By Kevin WingertPublished 3 years ago 5 min read

The eyes go flaccid in the final moment. Unfocused. Staring at nothing. Everything. Oblivion.

The image of her eyes – the dulling hazel, the pupils expanding as her rasping, red-flecked gurgling breaths ceased – would not leave his mind.

The lilting tones of her voice – that high crescendo of a laugh – were already fading like an echo into his memory. But those eyes. And the sputtering, sickening sweet coppery smell and the warmth flowing on his hand as he twisted the kni—

Enough.

He screwed his eyelids shut, rubbing them with his roughened hands as if it might erase the memory.

The moment passed. He turned his attention back to his surroundings. From this vantage point, some twenty feet up the cottonwood, nestled in a crook where the bough split, he could see that the trees and brush were spaced further apart. The vegetation slowly thinned as the land transitioned from the knotting, twisted forest to the high, yellowing grass that swelled and crested in waves as far as he could see.

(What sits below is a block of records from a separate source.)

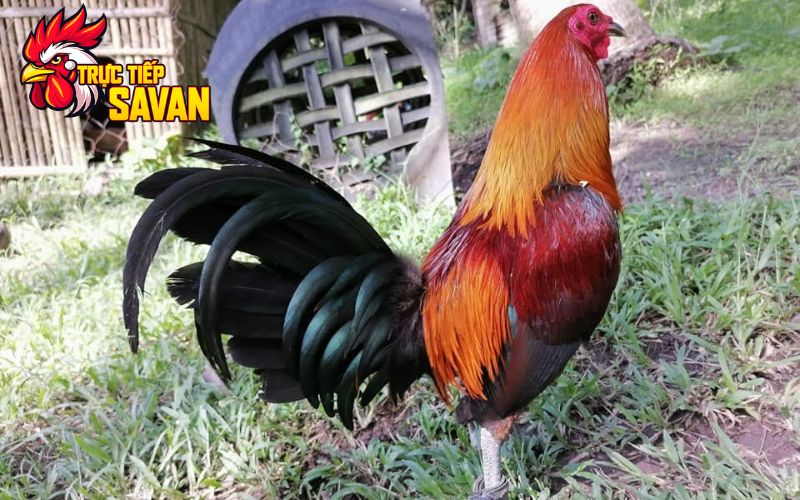 Chế độ dinh dưỡng cho gà đá tới pin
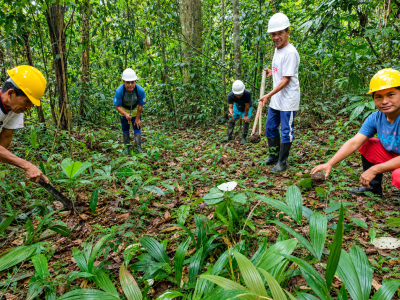 Comuneros recolectando cocos de castaña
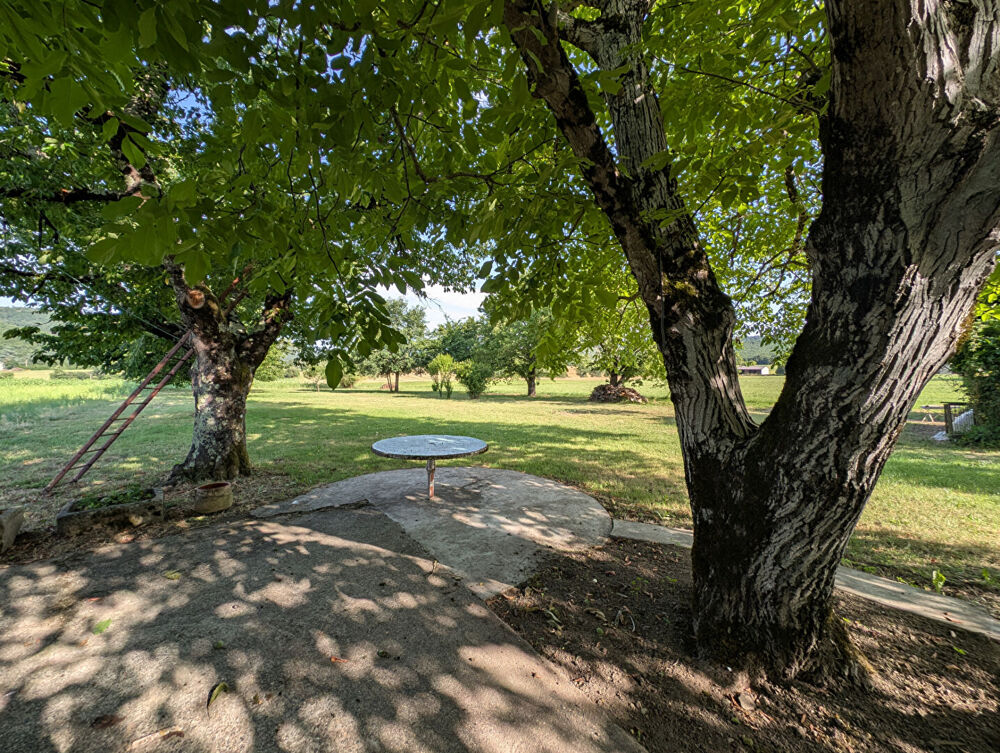 Vente Maison Beau projet! Visitable à partir du 16 juillet Saint antonin noble val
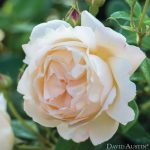 Rosa 'Wollerton Old Hall'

Out there he would be exposed. To the weather. To raiding parties. To the ever-present radiation that pockmarked a landscape his people said had once been fertile before the War. The War that had destroyed everything and nearly everyone.

How long had that been? A century? Two? Time was a fuzzy thing in a world no longer possessed by a 45-hour work week or where profit drove every line, not just the bottom.

No, what mattered now was food. Shelter. Defending the walls. Keeping a watchful eye on the land beyond for signs of life. Danger.

And I failed.

There were not that many laws in Hazelton. People worked together, mostly, for the common good. Planting crops. Caring for the precious cattle, goats and chickens. Tending the sick. A tribe, family of sorts, built around a common hope for survival.

To that end, one of the few laws addressed sleeping while on watch duty. Punishable by death.

And there had been so many dead.

Screams. Flames. Laughter – cruel laughter. The crack of rifles and rapid claps of pistol fire.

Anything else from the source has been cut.